Un puzzle narratif sous tension
Avec s.p.l.i.t., Mike Klubnika change totalement de registre. Fini les mécaniques à multiples joueurs ou les parties à rallonge, ici tout est condensé dans une expérience solo dense d’environ 90 minutes. Le joueur incarne un hacker solitaire chargé d’infiltrer un système opaque pour y injecter un virus. Le cadre est dystopique, sec et mystérieux, dans la veine de certains récits cyberpunk, mais sans tomber dans le cliché lourd.
L’histoire reste volontairement floue : on devine que le hacker n’est qu’un exécutant au sein d’une organisation plus large, mais rien n’est clairement dit. Cette approche favorise l’immersion et pousse le joueur à interpréter les événements, en remontant les fils d’une mission dont il ne contrôle manifestement pas tous les paramètres. Une narration par le sous-entendu, qui fonctionne bien et maintient la tension jusqu’au bout.

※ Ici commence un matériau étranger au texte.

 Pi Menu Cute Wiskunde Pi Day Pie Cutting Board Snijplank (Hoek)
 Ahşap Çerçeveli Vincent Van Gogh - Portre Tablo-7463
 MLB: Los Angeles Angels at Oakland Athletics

Gameplay qui respire l’authenticité
Là où s.p.l.i.t. marque des points, c’est sur son gameplay qui évite les raccourcis. Pas de mini-jeu flashy ou de séquences bourrées de QTE ici. Klubnika a pris le parti de simuler une vraie session de piratage : interface en lignes de commandes, arborescence de répertoires à explorer, logiciels à lancer, manipulations en temps réel. Tout se fait manuellement, et il faut apprendre à jongler avec les outils disponibles.

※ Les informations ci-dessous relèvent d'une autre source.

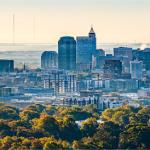 Panorama of downtown Raleigh in the fall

On est donc loin d’un hacking à la Watch Dogs : ici, maîtriser son environnement prend un peu de temps, mais c’est ce qui rend le système gratifiant. Les commandes sont claires mais demandent de l’attention.
L’idée, c’est de s’immerger dans la peau d’un hacker crédible, pas d’enchaîner des séquences spectaculaires. Quelques échanges par messages dans une interface proche d’un chat IRC viennent casser la monotonie et ajoutent une dimension plus humaine, voire légèrement paranoïaque, à l’ensemble.
Une ambiance maîtrisée
s.p.l.i.t. n’a pas les moyens d’un AAA, mais sa direction artistique fait clairement mouche. Peu de visuels, pas d’animations flatteuses, mais une interface austère et crédible qui colle à son propos. L’atmosphère se construit avec peu, mais de manière efficace. Le jeu assume ses limites techniques et les transforme en choix esthétiques.
Côté son, c’est une belle surprise. L’ambiance sonore, discrète mais précise, entretient une tension latente pendant toute la mission. Des nappes électroniques froides et quelques sons d’alerte bien placés viennent renforcer la sensation de stress. Pour ceux qui veulent prolonger le plaisir, la BO est d’ores et déjà disponible sur YouTube et Bandcamp.
Proposé à 2,99 dollars sur Steam, s.p.l.i.t. n’essaie pas de vendre plus qu’il n’offre. Pas de tour de force technologique ou de feuille de route interminable, mais une expérience courte, cohérente et honnête. C’est le genre de jeu qu’on fait d’une traite un soir, casque vissé sur les oreilles, et qu’on garde en tête pour son ambiance et son approche atypique.
Idéal pour les curieux, les amateurs de thrillers narratifs posés ou ceux qui aiment l’odeur d’un terminal Unix. Et même si vous n’avez jamais tapé une ligne de commande de votre vie, le jeu reste lisible et prenant, à condition d’avoir un peu de patience.